LANSING, Mich., March 5, 2020 /PRNewswire/ -- Connected Nation (CN), through its state program Connected Nation Michigan (CN Michigan), today released a groundbreaking study that closely examines the use and perceptions of telehealth in rural areas with a focus on Michigan counties. Researchers found, among other things, the highest ratios in the country of patients per doctor, a lower-than-average life expectancy, and a higher-than-average number of preventable hospital stays in rural states with restrictive telehealth policies.
"This study demonstrates why connecting rural America is critical," said Tom Ferree, Chairman & CEO, CN. "Connected Nation has worked for nearly two decades to identify innovative solutions for connecting every community, and in that time, we've seen firsthand that having access to high-speed internet impacts everything from the economy to educating our children. Now we have real data that shows it can also impact healthcare—and even life expectancies—among families and individuals in our rural communities and small towns through telehealth applications and programs."
The more than six-month-long study was done in partnership with AARP and the Michigan Health Endowment Fund. Find the full report at http://bit.ly/2ThWBPX.
"Many older adults in Michigan, especially those who live in rural areas, do not have access to high-speed internet, and that's a quality-of-life issue for them," said Paula D. Cunningham, State Director of AARP Michigan. "That means they can't take advantage of advances in telemedicine that at the very least could save them long trips to the doctor, and at the most could be lifesaving."

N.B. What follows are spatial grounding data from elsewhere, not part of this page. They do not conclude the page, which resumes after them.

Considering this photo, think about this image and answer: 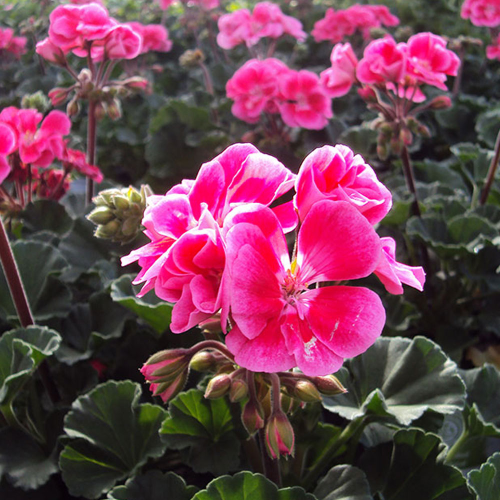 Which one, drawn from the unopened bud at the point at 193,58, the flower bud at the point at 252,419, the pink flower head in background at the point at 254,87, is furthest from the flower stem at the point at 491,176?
the unopened bud at the point at 193,58

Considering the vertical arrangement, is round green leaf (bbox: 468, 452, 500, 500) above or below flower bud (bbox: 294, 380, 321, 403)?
below

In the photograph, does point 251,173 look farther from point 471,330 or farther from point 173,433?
point 471,330

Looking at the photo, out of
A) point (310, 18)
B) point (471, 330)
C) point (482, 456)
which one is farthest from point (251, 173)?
point (310, 18)

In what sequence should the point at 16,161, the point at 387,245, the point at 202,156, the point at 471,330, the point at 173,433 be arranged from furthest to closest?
the point at 202,156 < the point at 471,330 < the point at 16,161 < the point at 173,433 < the point at 387,245

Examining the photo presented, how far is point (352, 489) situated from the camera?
3.83ft

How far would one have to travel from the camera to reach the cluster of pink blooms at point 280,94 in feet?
7.98

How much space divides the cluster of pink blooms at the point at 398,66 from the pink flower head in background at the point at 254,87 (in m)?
0.43

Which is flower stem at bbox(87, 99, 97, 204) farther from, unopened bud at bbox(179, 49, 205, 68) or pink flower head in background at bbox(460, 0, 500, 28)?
pink flower head in background at bbox(460, 0, 500, 28)

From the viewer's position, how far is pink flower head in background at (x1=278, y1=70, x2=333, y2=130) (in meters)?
2.43

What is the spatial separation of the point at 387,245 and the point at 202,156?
2159 millimetres

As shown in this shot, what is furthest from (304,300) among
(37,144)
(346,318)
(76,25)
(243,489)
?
(76,25)

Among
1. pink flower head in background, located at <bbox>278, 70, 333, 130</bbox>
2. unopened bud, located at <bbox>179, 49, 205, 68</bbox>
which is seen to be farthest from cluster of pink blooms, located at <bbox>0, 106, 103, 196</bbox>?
unopened bud, located at <bbox>179, 49, 205, 68</bbox>

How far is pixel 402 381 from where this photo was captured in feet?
4.41

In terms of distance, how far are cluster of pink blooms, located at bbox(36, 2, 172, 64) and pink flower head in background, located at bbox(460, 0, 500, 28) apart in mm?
2013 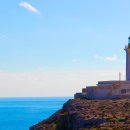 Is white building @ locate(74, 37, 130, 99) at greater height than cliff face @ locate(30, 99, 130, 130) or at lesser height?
greater

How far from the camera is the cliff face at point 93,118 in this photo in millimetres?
37103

"Although our focus was primarily on the impact in rural Michigan, this data can help inform the development of telehealth services elsewhere and provide a starting point for additional studies in regions across the United States," said Eric Frederick, Executive Director, CN Michigan.

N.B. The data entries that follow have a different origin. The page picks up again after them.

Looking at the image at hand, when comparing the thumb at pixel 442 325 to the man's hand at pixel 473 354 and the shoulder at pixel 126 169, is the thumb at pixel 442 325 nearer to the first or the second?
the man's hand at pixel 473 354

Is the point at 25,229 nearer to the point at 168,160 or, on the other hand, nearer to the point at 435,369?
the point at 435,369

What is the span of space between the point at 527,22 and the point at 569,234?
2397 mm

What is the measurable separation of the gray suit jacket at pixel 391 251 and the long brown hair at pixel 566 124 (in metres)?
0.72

Key findings from the study:
Among 1,374 counties in 18 states, counties that are deemed "Care Underserved" (often rural or low-income) have an average ratio of 4,758 residents per primary care physician (PCP), the least favorable rate in the country.
In the five counties surveyed, telehealth usage represents a savings of nearly $4.7 million per year, just for simple 15-minute visits to general practitioners.

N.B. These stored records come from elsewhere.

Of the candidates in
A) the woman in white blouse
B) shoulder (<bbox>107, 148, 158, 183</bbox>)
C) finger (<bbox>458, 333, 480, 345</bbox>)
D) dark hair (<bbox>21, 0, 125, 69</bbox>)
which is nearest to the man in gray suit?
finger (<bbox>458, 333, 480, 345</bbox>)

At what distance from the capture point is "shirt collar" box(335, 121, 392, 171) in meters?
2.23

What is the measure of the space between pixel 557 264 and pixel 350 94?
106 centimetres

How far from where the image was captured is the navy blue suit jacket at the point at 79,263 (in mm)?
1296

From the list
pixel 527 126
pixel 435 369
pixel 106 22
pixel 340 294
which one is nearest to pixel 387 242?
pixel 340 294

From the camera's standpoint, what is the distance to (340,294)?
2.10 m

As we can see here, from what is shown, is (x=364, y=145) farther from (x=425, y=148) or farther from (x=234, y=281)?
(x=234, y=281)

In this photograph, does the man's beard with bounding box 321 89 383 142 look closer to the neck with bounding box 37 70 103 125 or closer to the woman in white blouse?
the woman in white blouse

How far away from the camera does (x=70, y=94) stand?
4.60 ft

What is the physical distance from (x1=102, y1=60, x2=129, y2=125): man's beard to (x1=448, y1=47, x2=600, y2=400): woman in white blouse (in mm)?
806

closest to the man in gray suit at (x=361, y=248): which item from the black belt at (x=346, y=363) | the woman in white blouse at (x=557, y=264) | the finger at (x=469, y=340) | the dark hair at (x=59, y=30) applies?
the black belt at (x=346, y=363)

With studies showing that the average doctor's visit requires approximately two hours between travel, waiting rooms, and the visits themselves, this represents nearly $1 million($985,000) in lost productivity per year in these five counties, totaling a savings of $5.7 million per year in these five counties alone.
The top barrier to telehealth usage was a concern about the privacy of the information they share. For others, the potential cost, or the potential risk that some costs would not be covered by their insurance, gave them cause for concern.